Could you emphasize that train_size and test_size refer to labels and not samples? I would add something like this in the top part of the docstring.

For example, a less computationally intensive alternative to LeavePLabelOut(labels, p=10) would be ShuffleLabelsOut(labels, test_size=10, n_iter=100).

Note: The parameters test_size and train_size refer to labels and not to samples, as in ShuffleSplit.

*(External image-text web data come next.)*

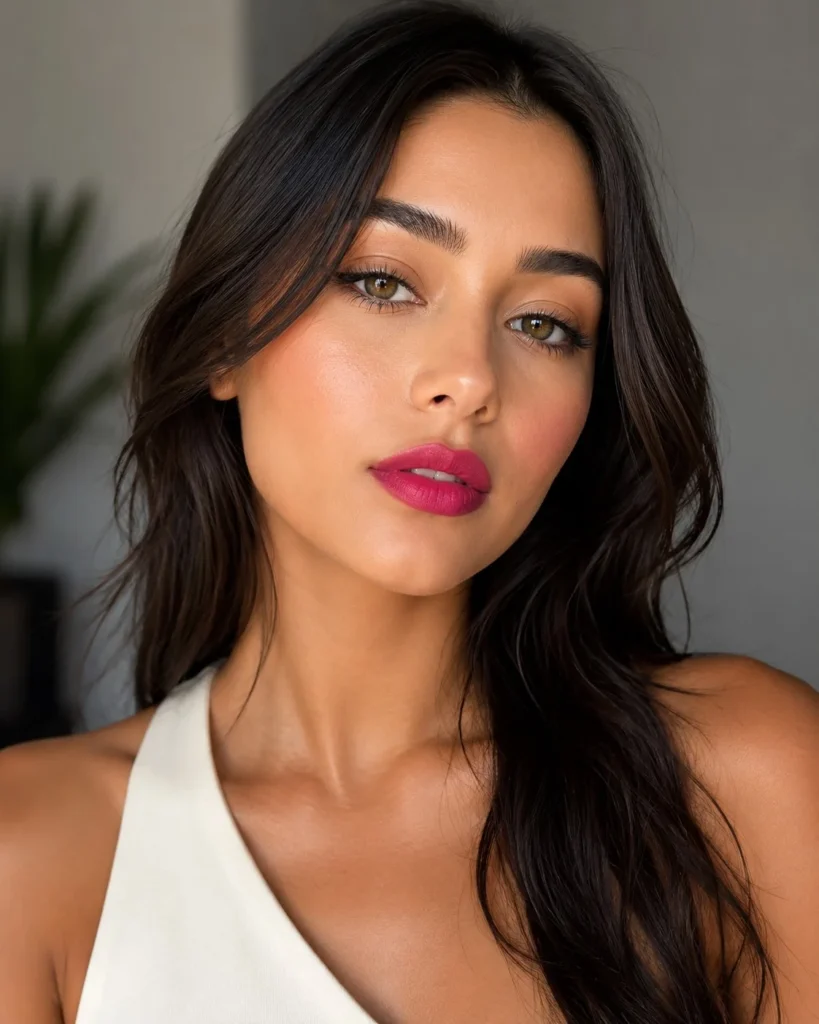 Fresh raspberry pink lipstick that brightens olive skin and adds a vibrant youthful finish.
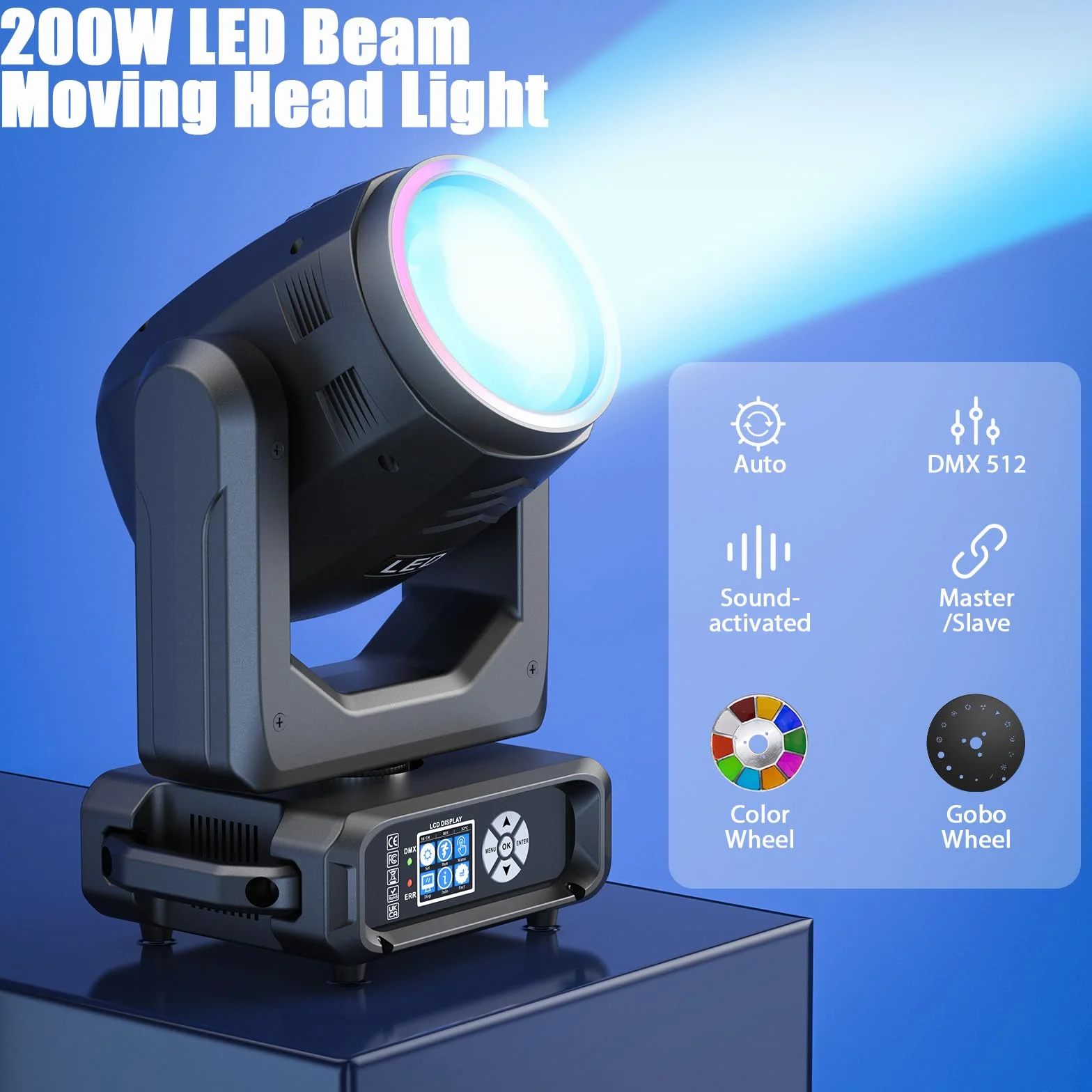 200W LED Beam Moving Head Licht, Elektronischer Zoom Bühnenlicht mit 11+1 Farben und 14+1 Muster 18 Prisma, d-mx512(16CH) Beam Spot Licht für Bühne Hochzeit DJ Weihnachten Party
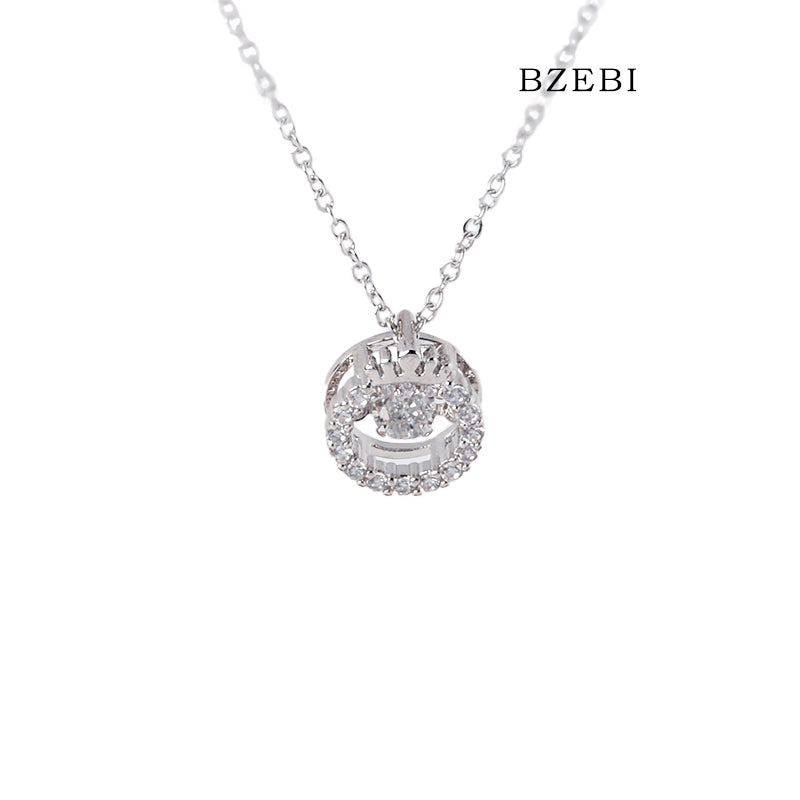 BZEBI 18k Gold Plated Cubic Zirconia Round Twisted Zircon Necklace for Women with Box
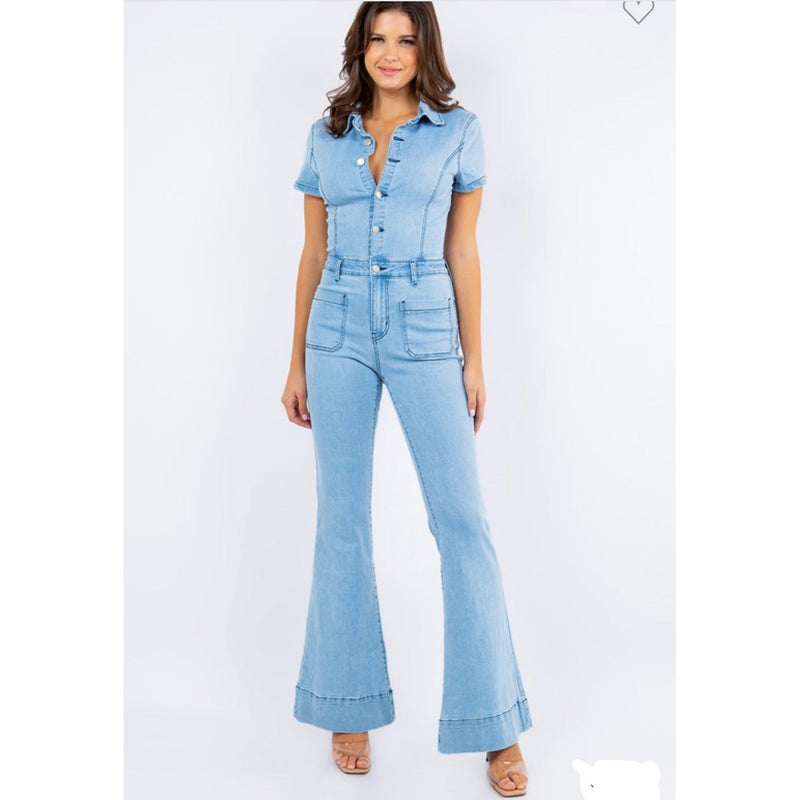 Full Body Denim Jumpsuit-Romper/Jumpsuit-[Womens_Boutique]-[NFR]-[Rodeo_Fashion]-[Western_Style]-Calamity's LLC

Also, could you add this to /doc/whats_new.rst and to the user's guide (/doc/modules/cross_validation.rst?

Thanks!

ogrisel · 2015-07-02T07:12:53Z

@bmcfee could you please rebase on top of master and reference this new class in doc/modules/classes.rst? Please also cross-reference related classes in docstrings using a "See also" section as done in #4444.

ogrisel · 2015-07-03T14:10:56Z

Also I wonder if we should not rename this class ShuffleDisjointLabelSplit to be more in-line with the new DisjointLabelKFold class while being consistent with the basic ShuffleSplit alternative.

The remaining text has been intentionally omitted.